Scheduling means that you have to think when is my most productive time. Am I a morning person? Am I a night person? Then make sure that you schedule your writing during your most productive time. For instance, take classes or teach them (as the case may be) at a time that doesn’t conflict with your most productive writing time.

Now, it’s perfectly true that when I teach I get enough of an adrenaline rush. It happens that I’m a morning person, so I always schedule my writing in the morning and then I teach in the late afternoon. The late afternoon, a lot of times, I might need a little nap. I’m a little tired after lunch, and I’m kind of nodding off, but when it comes to teaching I get a rush of adrenaline. It’s like having two different peak times because you spend your writing time when you’re naturally most productive. Then you do your teaching at a time that otherwise would be a down time. It makes you enormously more productive.

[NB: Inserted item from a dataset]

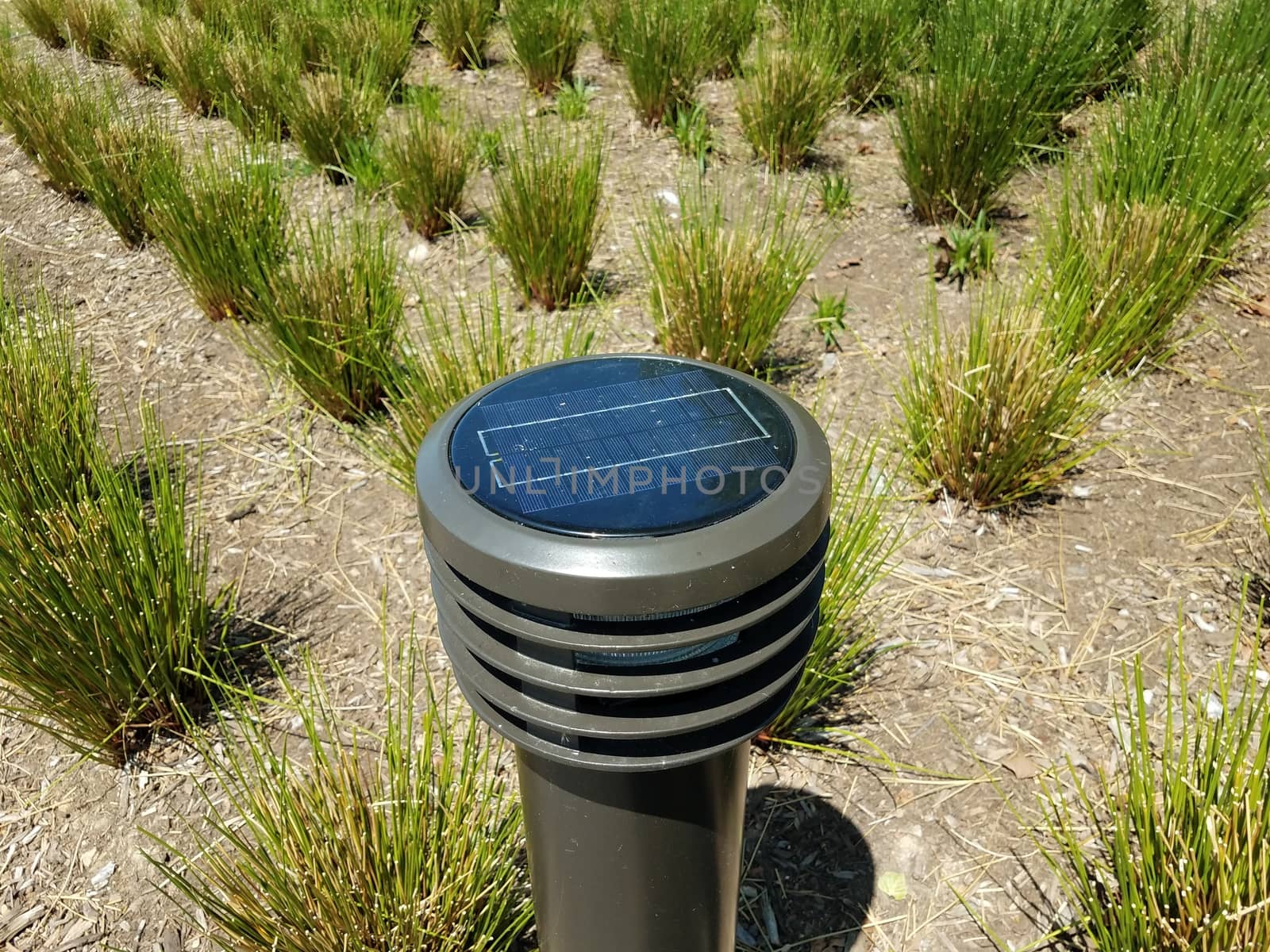 solar powered light or lighting with green grasses in the soil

The problem that I see is that people say, “Well, I’m so busy, so I’ll write when I get a chance.” It’s a residual category. It’s what I do after I’ve done everything else.

You have to turn that on it’s head. Schedule your writing first, and make everything else fit. First and foremost, if you’re going to succeed, you need to be a writer.

Jeanne Hoffman

Now, I want to tie your eighth and ninth together because I think one flows from the other one. Your eighth truth is “not all of your thoughts are profound,” and your ninth one is “your most profound thoughts are often wrong.” Why aren’t all my thoughts profound? I think they are.

Mike Munger

You know, they are as long as they’re thoughts. Actually this is going to tie into the next one also, so let me tie all three together.

Jeanne Hoffman:

Sure.

Mike Munger

When I think of an idea, or when I talk about an idea in a bar to my friend, we’re having cigarettes and beers, and it’s 1:30 at night. You know, you think that’s really clever. That’s something.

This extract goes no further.